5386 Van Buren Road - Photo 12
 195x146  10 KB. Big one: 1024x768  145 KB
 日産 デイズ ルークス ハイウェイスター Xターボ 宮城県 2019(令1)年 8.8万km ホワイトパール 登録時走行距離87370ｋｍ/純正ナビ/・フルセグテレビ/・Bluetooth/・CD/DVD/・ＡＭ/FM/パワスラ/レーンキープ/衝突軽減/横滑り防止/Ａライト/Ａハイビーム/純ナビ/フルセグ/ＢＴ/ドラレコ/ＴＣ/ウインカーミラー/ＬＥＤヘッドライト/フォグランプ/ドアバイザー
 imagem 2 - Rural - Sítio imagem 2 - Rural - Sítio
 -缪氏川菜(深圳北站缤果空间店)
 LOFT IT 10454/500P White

What you have to do: The complete listing, from first line to last, should be copied verbatim.

Result for this exercise:
5386 Van Buren Road - Photo 12
 195x146  10 KB. Big one: 1024x768  145 KB
 日産 デイズ ルークス ハイウェイスター Xターボ 宮城県 2019(令1)年 8.8万km ホワイトパール 登録時走行距離87370ｋｍ/純正ナビ/・フルセグテレビ/・Bluetooth/・CD/DVD/・ＡＭ/FM/パワスラ/レーンキープ/衝突軽減/横滑り防止/Ａライト/Ａハイビーム/純ナビ/フルセグ/ＢＴ/ドラレコ/ＴＣ/ウインカーミラー/ＬＥＤヘッドライト/フォグランプ/ドアバイザー
 imagem 2 - Rural - Sítio imagem 2 - Rural - Sítio
 -缪氏川菜(深圳北站缤果空间店)
 LOFT IT 10454/500P White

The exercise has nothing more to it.